The Artist at Work
organized by Sophy Naess | sophia.naess@gmail.com
The Artist at Work is a 1957 short story by Albert Camus, available here. The story is the basis for a course/project organized by Sophy Naess.
The project was staged at Recess during January & February 2010 and produced a 4 minute trailer which was screened at the Brucennial.
Further development of the material produced at Recess will resume at the BHQFU headquarters in August 2010.
*The raw Recess footage will be reviewed at an informal screening at the BHQFU on Wednesday, June 2nd, at 7 PM.
The course will ultimately produce a video adaptation of Albert Camus' 1957 story about the trajectory of a painter's career and its dramatic conclusion.
The structure of the course can be described as critique sessions as narrative roll play. Participants are asked to fulfill more or less specific assignments each week, and these works & performances combine with group discussions to tell the story of The Artist at Work.
One week's sequence might for example call for the following images, objects, texts, or personae, all to be found in the story:
a radiant star
a tea set
a scale model of a room with enormous glass walls and high ceilings
successful paintings
unfinished paintings
a critically acclaimed landscape painting (including the critical acclaim). CAN BE ORIGINAL OR APPROPRIATED.
A group meal
CHARACTERS*
*The painter is the central character and all participants in the class will have the opportunity to play this role and simultaneously "DJ" whatever happens to be on [his] easel. The painter's wife is also a key figure.
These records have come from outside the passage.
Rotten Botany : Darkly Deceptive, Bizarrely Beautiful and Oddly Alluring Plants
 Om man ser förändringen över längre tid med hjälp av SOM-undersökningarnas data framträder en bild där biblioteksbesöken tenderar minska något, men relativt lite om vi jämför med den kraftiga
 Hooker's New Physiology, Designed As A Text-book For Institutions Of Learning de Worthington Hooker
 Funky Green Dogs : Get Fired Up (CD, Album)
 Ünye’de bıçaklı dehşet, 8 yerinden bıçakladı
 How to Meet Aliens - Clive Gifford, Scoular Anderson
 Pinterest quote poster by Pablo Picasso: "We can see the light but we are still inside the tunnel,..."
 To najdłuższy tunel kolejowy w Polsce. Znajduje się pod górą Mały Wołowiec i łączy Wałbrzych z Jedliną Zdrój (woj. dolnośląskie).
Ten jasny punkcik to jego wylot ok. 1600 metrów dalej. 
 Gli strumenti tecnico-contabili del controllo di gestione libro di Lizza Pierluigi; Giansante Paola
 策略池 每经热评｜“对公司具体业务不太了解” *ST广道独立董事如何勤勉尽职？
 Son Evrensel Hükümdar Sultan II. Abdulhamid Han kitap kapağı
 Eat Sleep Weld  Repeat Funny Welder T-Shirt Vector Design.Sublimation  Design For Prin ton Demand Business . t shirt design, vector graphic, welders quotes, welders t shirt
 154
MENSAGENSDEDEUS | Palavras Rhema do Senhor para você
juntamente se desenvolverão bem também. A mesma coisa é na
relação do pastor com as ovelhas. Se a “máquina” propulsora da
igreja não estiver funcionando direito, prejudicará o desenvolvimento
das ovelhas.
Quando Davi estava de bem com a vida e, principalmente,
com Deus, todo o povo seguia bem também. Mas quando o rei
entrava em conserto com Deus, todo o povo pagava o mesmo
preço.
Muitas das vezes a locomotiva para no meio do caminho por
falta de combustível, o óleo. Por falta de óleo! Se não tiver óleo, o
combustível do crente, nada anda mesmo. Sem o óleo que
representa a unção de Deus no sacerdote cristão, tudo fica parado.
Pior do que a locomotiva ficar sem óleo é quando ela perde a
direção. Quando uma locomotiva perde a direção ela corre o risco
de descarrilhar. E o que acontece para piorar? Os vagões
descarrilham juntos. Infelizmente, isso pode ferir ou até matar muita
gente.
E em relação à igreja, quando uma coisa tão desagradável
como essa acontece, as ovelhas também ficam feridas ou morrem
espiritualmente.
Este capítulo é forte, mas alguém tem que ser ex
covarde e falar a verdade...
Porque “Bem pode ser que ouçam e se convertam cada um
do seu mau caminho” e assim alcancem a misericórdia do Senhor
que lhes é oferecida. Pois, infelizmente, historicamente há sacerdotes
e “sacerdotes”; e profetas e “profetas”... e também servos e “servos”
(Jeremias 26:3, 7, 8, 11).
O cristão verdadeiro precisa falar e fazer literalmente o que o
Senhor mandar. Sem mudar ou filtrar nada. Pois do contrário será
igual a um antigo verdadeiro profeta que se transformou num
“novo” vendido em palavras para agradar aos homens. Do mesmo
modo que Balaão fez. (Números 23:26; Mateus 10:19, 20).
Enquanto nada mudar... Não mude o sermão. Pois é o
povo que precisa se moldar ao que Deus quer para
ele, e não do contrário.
Occassional scenes call for specific kinds of paintings such as "a landscape," "a painting of clouds," "a social commentary." How these criteria are met is discussed with a diverse audience of subjects including society ladies, students, a best friend whose love is unconditional, a skeptic, other painters, a gallerist, political lobbyists, naysayers, etc.
Classroom scenes will be bridged with voice-overs, close-ups, intertitles, monologs & dialogs, etc to produce the final treatment.